Unused office space in Lower Hutt's lagging CBD is being used to fill a gap in the city’s desperately understocked housing market.

The three top floors of the CML building on Laings Rd will be refitted for 30 apartments in a $10 million project backed by developers John Feast​ and Ian Cassels​.

Feast said he and Cassels bought the space about a year ago and believed much of the commercial space on the upper floors had been unused for several years.


With the conversion scheduled to be ready in 2022, extensive work including earthquake strengthening needed to take place.


Built in 1959 the building’s styling takes cues from art deco and modernist design, and Feast said he intended on keeping as much of its original character as possible. Commercial spaces would be kept on the ground floor.


Lower Hutt is suffering from a severe lack of housing stock which has sent prices in the city skyrocketing.

The apartments went to market last Thursday. Egmont Dixon’s Sophie Nunns​, the development manager for the project, said about half the apartments were under offer by the end of the opening day. The development’s website showed 20 of the units were under offer on Tuesday. Prices started at around $400,000.

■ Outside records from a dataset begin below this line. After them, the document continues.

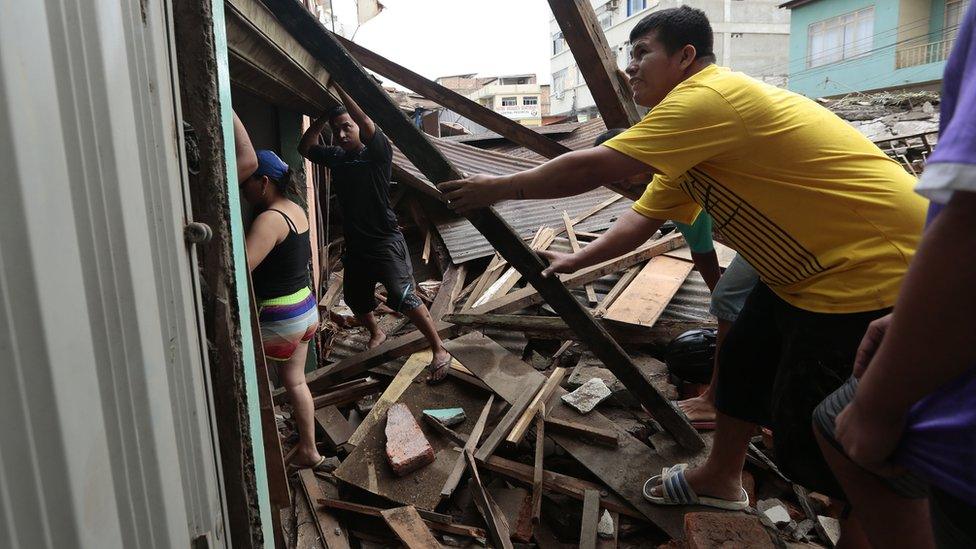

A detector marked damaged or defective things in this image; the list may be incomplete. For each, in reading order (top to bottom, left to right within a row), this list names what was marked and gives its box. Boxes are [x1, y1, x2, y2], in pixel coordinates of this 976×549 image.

broken wooden board [442, 310, 708, 344]
broken wooden board [604, 256, 692, 328]
broken wooden board [346, 348, 430, 448]
broken wooden board [334, 374, 488, 508]
broken wooden board [446, 332, 696, 536]
broken wooden board [302, 466, 354, 548]
broken wooden board [380, 506, 444, 548]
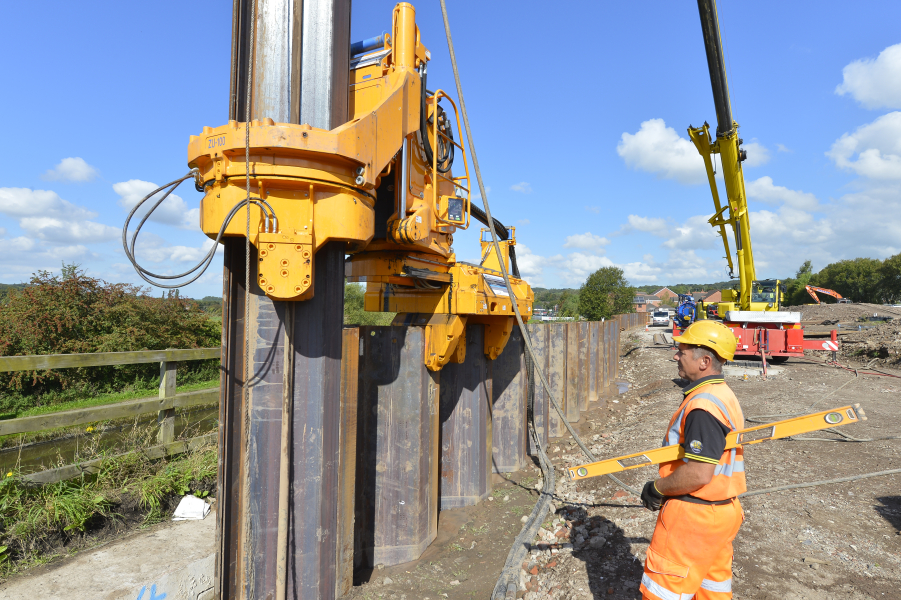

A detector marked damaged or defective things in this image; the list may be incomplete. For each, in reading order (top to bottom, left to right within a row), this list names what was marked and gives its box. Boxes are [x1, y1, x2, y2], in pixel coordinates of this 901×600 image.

rusty steel surface [336, 326, 356, 596]
rusty steel surface [358, 328, 442, 568]
rusty steel surface [438, 326, 488, 508]
rusty steel surface [492, 324, 528, 474]
rusty steel surface [528, 324, 548, 454]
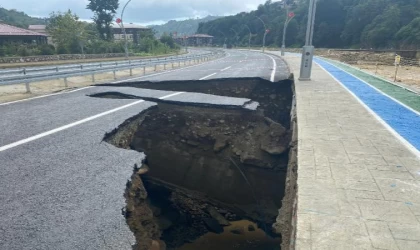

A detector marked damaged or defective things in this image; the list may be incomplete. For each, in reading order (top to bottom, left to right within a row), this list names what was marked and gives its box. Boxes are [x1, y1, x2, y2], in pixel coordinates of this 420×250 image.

flood damage [98, 77, 296, 249]
landslide damage [100, 77, 296, 249]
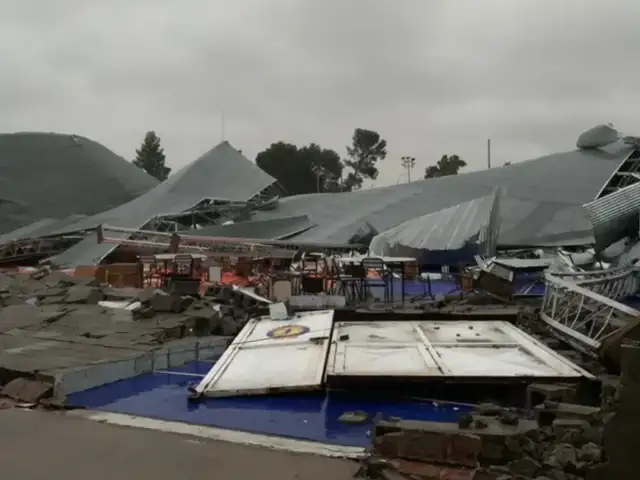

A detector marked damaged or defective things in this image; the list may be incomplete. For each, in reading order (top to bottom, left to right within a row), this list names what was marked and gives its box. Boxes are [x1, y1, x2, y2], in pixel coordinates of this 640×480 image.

shattered building section [0, 133, 159, 234]
bent steel frame [540, 268, 640, 358]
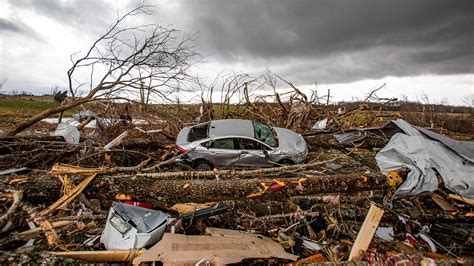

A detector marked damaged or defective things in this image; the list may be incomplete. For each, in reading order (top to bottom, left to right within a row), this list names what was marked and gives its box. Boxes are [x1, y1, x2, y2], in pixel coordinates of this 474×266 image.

dented car body [176, 119, 310, 169]
crumpled metal sheet [376, 119, 472, 202]
broken plastic container [100, 203, 170, 250]
splintered wood plank [348, 203, 386, 260]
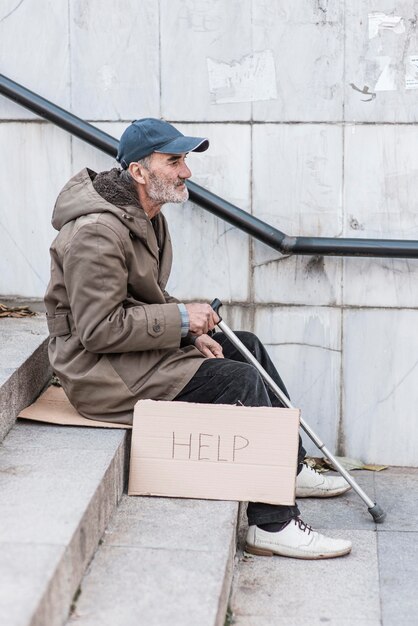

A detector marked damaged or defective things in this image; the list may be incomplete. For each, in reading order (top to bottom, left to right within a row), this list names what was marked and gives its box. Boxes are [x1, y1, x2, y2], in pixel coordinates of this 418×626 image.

torn paper on wall [370, 11, 404, 38]
torn paper on wall [207, 49, 278, 103]
torn paper on wall [374, 56, 396, 91]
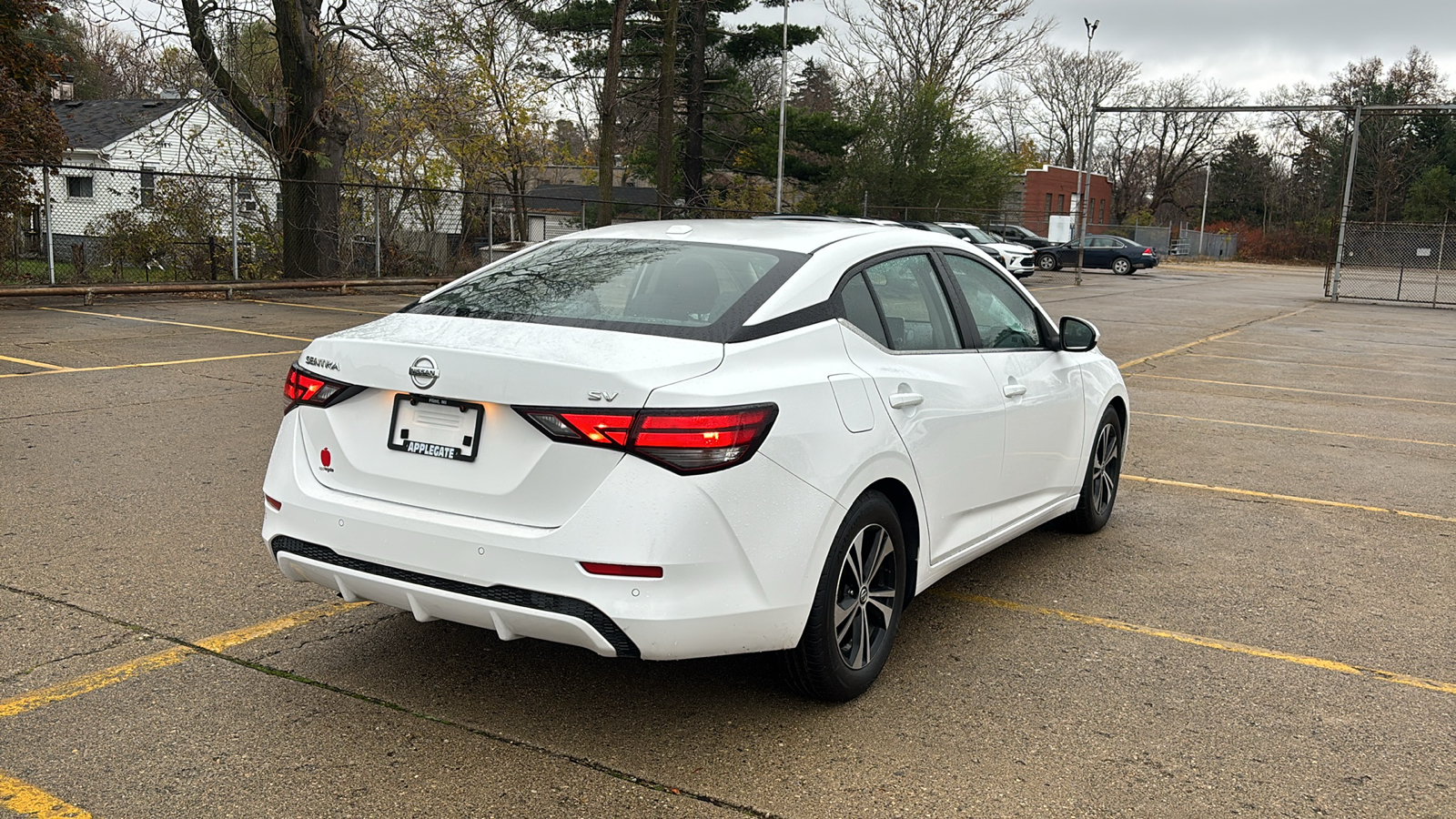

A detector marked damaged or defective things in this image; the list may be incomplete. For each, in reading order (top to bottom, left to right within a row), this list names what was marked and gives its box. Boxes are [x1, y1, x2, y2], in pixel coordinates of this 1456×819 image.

crack in pavement [0, 580, 786, 815]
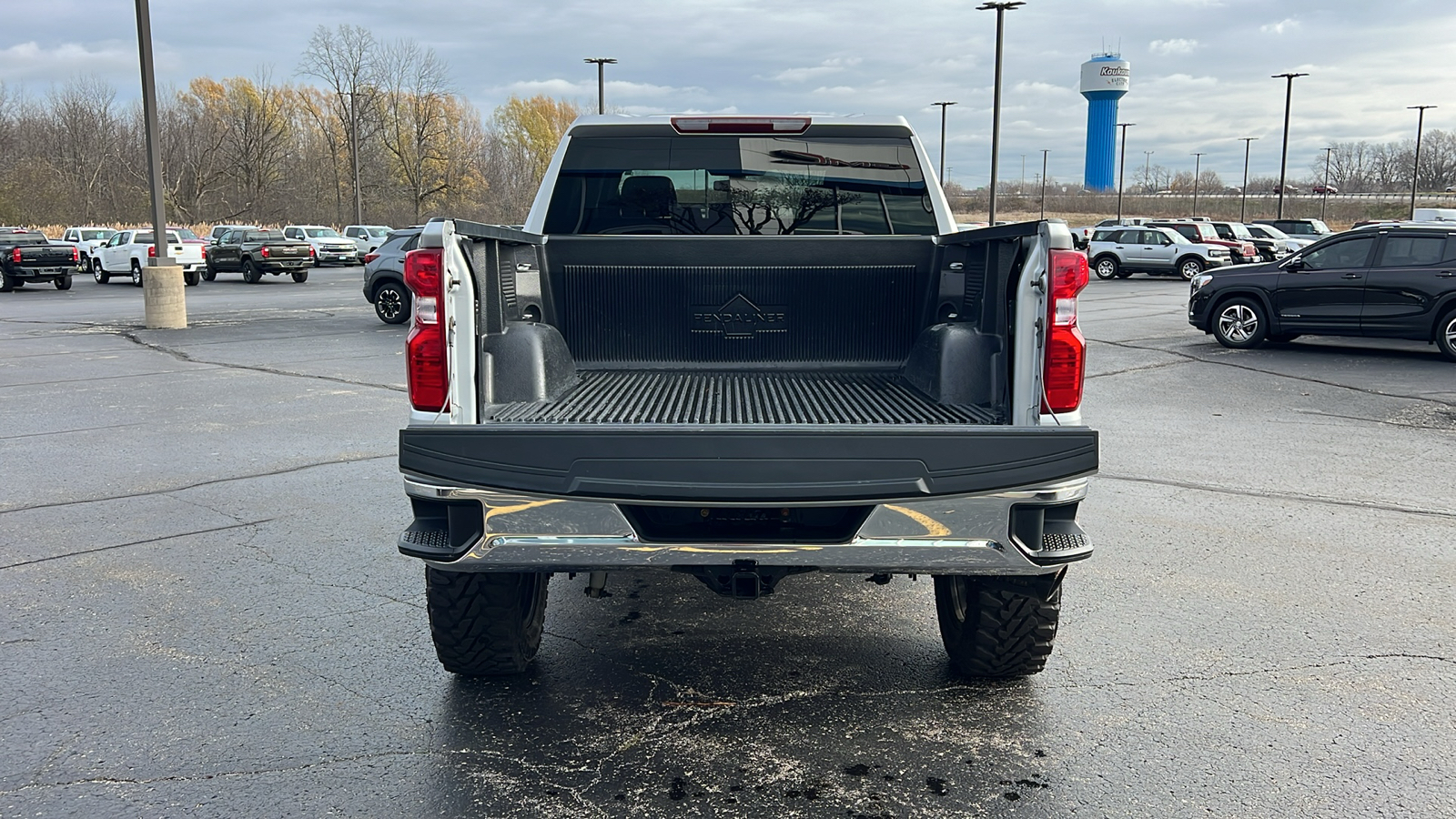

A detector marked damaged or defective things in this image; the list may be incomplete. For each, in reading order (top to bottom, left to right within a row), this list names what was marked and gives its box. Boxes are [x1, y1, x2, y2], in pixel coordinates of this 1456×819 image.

cracked pavement [0, 269, 1450, 815]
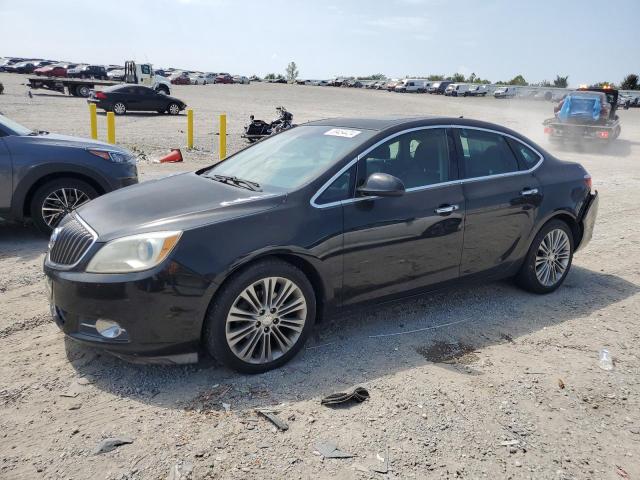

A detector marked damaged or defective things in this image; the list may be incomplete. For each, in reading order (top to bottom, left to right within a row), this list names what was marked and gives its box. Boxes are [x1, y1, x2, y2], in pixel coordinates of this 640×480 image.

damaged vehicle [46, 115, 600, 372]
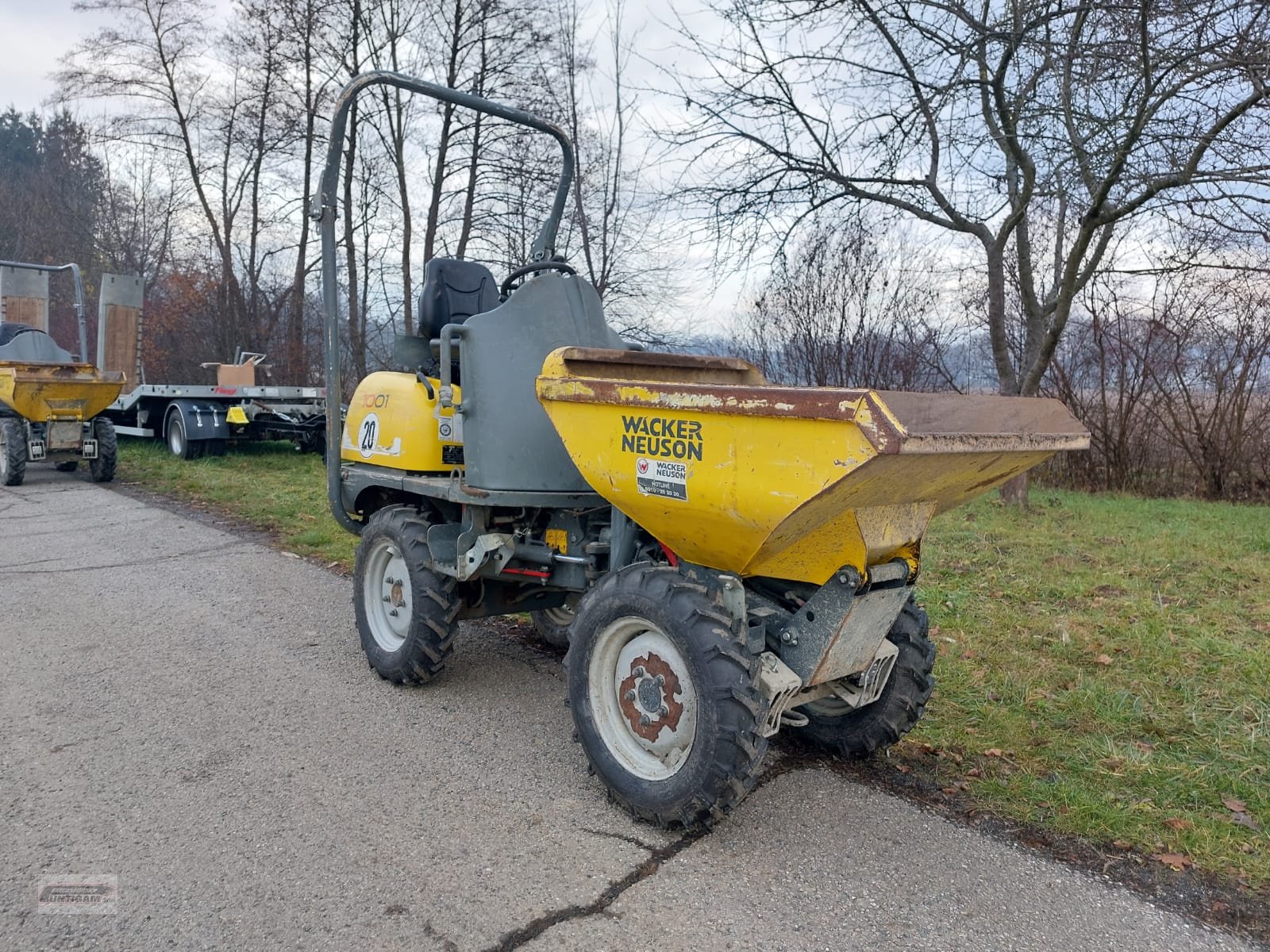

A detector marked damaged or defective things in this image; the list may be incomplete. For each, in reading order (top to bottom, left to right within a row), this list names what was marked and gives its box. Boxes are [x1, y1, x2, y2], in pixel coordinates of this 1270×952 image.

The number of apartments in the CBD is set to rapidly increase with two other developments now underway – Cassels’ 29 unit High Street Quarter, and another 40 apartment office conversion being built by Kevin Melville​. Cassels is also behind the conversion of the 10-storey Avalon Studios tower.


Lower Hutt’s central business area has been in decline since the Queensgate Mall opened in 1986. Smaller owner operator businesses have struggled, unable to compete with the centre.

Feast said people living in the central city would reinvigorate the area as businesses moved in to meet demand for services.


Dr Imran Muhammad​, associate professor of urban planning and design at Massey University, said converting surplus office space to housing was an efficient solution to the shortage of housing and land.


“Especially since Covid, more [people] are working from home, so there are more empty offices. If done well, they can tick a lot of boxes.

“Repurposing unused ghost spaces in town can reactivate not only the building but the surrounding streets as well.”


He said office conversions were not common in New Zealand, but was hopeful mixed use areas would become more common.


Having separate areas designated for living and for work was “post-war thinking” which left business areas empty in the evenings and in the weekends.